### Exercise aim
Beneath this line sits some data. Return only its lines from the one holding "MS license plate LVP630" through the one holding "Joyful Embrace at", inclusive, exactly, with the images removed.

### Available data
********************

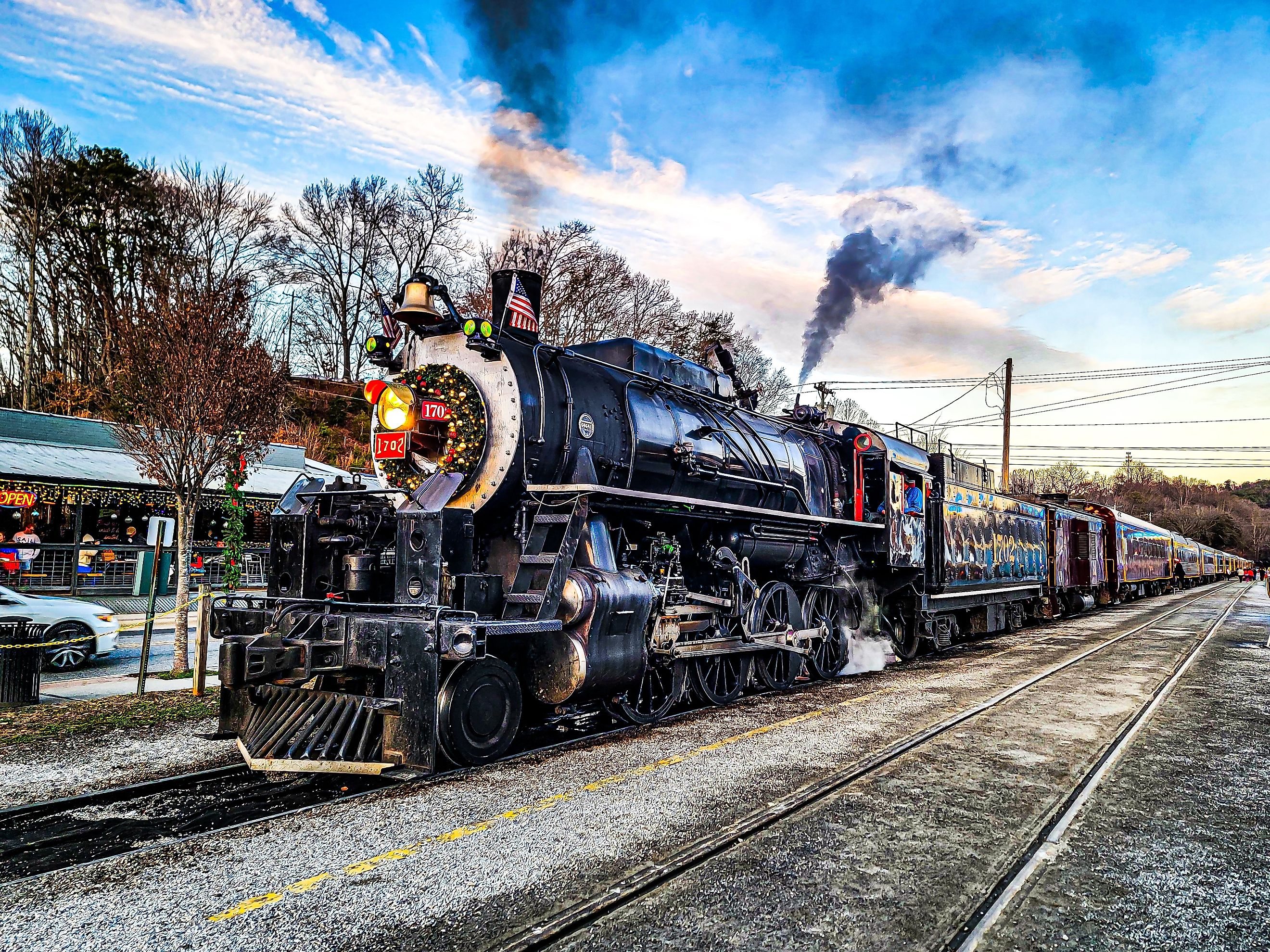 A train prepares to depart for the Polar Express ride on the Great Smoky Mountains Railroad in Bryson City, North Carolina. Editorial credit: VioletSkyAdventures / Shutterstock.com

********************

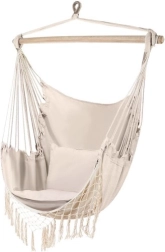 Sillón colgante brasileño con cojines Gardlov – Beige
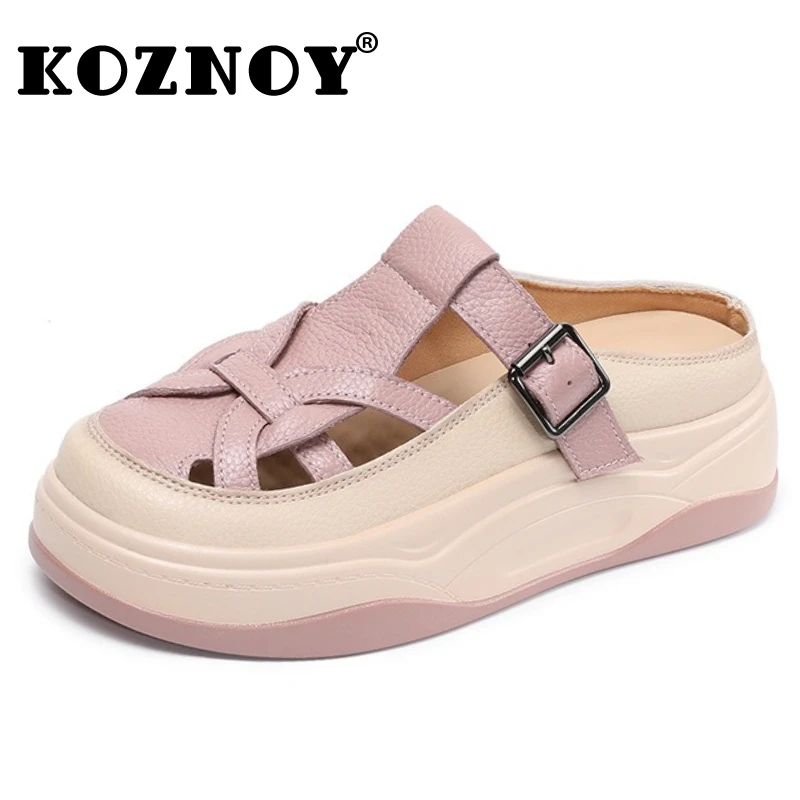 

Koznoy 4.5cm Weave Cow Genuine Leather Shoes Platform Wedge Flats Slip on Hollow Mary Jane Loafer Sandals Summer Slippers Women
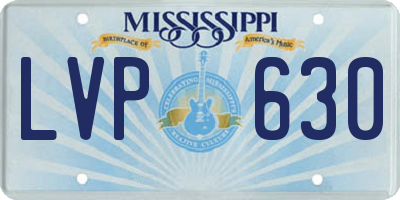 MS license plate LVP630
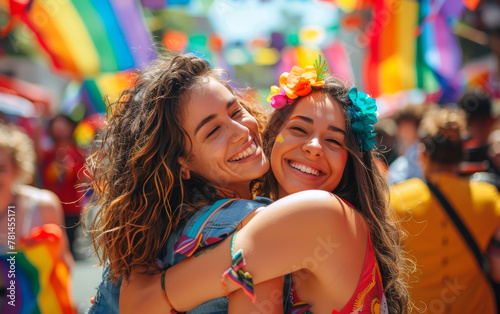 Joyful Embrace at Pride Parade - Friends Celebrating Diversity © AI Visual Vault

********************

### Exercise answer
 MS license plate LVP630
 Joyful Embrace at Pride Parade - Friends Celebrating Diversity © AI Visual Vault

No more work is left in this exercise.